1. Field of Invention
The present invention relates to an acoustic transducer device for noise processing, and more particularly to an acoustic transducer device for noise processing capable of switching between a feed-forward noise cancellation mode and a feed-back noise cancellation mode.
2. Related Art
People are apt to be fretful when they are affected by noises. If a person has been under a noisy environment for a long time, a permanent hearing impairment may even be caused. Therefore, in recent years, technologies for cancelling noise are continuously proposed. In the field of earphones, early noise cancellation technology is based on structural improvements. For example, ear covers or ear muffs with a good sound isolation effect are selected. Generally, such earphones are capable of isolating noises above 800 Hz, but have a poor sound isolation effect against noises below 800 Hz, especially low frequency noises. Hence, such a technology that is commonly called “passive noise cancellation” cannot perfectly solve the noise problem completely. For this reason, an electronic noise cancellation technology called “active noise cancellation” is frequently proposed recently in order to eliminate the deficiencies of “passive noise cancellation”. The “active noise cancellation” technology may be classified into the following two types: feed-forward noise cancellation technology and feed-back noise cancellation technology.
FIG. 1A is a schematic structural view of a feed-forward noise cancellation earphone 1. Referring to FIG. 1A, the earphone 1 is provided with a microphone 10, a noise cancellation circuit 11, and a speaker 12. The speaker 12 faces the ear canal of a user. After the microphone 10 receives an external noise, the noise cancellation circuit 11 generates an anti-noise signal to cancel the noise received in the earphone 1. The advantage of this implementation lies in that, the microphone 10 receives only the noise and does not receive any sound output by the speaker 12, so that an open-loop system is formed, and no closed-loop oscillation or echo will be caused. Thus, the circuit may be adjusted to the best noise cancellation effect independently. However, since the noise undergoes a plurality of reflections when passing through ears of a user and the amplitude and phase of the noise have changed, the noise received by the microphone 10 is quite different from that within the ears of the user. Moreover, since the external noise is highly directional, it is difficult to meet noise cancellation requirements against noises from different directions by using a single circuit.

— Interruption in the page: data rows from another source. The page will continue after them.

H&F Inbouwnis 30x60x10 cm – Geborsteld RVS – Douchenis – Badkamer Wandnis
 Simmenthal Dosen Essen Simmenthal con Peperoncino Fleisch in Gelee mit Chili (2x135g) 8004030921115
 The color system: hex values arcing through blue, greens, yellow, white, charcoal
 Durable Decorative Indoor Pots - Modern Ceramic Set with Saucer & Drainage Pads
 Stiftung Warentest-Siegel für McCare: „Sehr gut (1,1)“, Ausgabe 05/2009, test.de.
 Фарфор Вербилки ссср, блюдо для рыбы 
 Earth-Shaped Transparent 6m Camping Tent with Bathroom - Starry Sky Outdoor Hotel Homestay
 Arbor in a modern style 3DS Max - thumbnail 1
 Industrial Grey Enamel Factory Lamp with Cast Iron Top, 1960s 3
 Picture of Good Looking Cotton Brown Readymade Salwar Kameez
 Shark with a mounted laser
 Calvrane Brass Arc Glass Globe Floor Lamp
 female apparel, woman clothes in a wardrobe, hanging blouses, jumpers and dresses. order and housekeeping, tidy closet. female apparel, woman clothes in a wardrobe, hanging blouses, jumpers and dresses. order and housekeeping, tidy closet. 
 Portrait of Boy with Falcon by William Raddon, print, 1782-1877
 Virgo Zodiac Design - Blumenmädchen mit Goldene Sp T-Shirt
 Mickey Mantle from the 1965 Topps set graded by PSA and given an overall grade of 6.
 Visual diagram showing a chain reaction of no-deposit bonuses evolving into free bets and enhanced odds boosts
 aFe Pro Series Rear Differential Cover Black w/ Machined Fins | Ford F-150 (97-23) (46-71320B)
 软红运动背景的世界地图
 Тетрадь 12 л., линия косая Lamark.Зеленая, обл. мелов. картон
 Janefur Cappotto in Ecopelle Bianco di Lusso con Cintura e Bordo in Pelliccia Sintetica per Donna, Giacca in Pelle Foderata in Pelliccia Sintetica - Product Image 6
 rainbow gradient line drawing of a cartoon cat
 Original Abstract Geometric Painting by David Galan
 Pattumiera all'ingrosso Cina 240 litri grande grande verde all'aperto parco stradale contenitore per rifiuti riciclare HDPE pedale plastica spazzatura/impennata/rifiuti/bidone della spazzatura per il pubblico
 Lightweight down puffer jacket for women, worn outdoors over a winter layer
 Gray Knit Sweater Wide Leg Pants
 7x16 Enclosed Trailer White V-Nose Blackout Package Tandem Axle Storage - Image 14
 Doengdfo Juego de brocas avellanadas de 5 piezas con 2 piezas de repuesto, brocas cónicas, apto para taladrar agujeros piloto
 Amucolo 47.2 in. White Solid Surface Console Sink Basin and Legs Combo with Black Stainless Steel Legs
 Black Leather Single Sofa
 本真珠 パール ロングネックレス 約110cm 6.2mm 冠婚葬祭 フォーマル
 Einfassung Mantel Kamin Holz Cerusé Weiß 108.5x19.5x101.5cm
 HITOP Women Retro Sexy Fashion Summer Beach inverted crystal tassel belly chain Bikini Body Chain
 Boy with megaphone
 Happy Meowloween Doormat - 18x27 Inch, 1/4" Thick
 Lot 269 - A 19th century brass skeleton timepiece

FIG. 1B is a schematic structural view of a feed-back noise cancellation earphone 2. Referring to FIG. 1B, the earphone 2 is also provided with a microphone 20, a noise cancellation circuit 21, and a speaker 22. The speaker 22 faces the ear canal of a user. The microphone 20 is disposed between the speaker 22 and the ear canal, so that the noise received from the ear by the microphone 20 is the same as that heard by the user. After the noise is filtered, amplified, and inverted in phase by the noise cancellation circuit 21, the speaker 22 is driven to produce a sound. In such a closed-loop system design, the microphone 20 is insensitive to the direction of the noise, and a sound with a high signal-to-noise ratio may be generated after a feedback signal and a sound signal are superposed, so the noise is the lowest when transmitted to and heard by the ear of the user. Although the feed-back noise cancellation earphone has a good noise cancellation effect, resonance attenuation occurs in a high frequency range. As a result, for users that usually use the earphone to listen to music, the earphone with the noise cancellation function undesirably compromises the effect of the original sound output, and thus fails to achieve a desirable performance.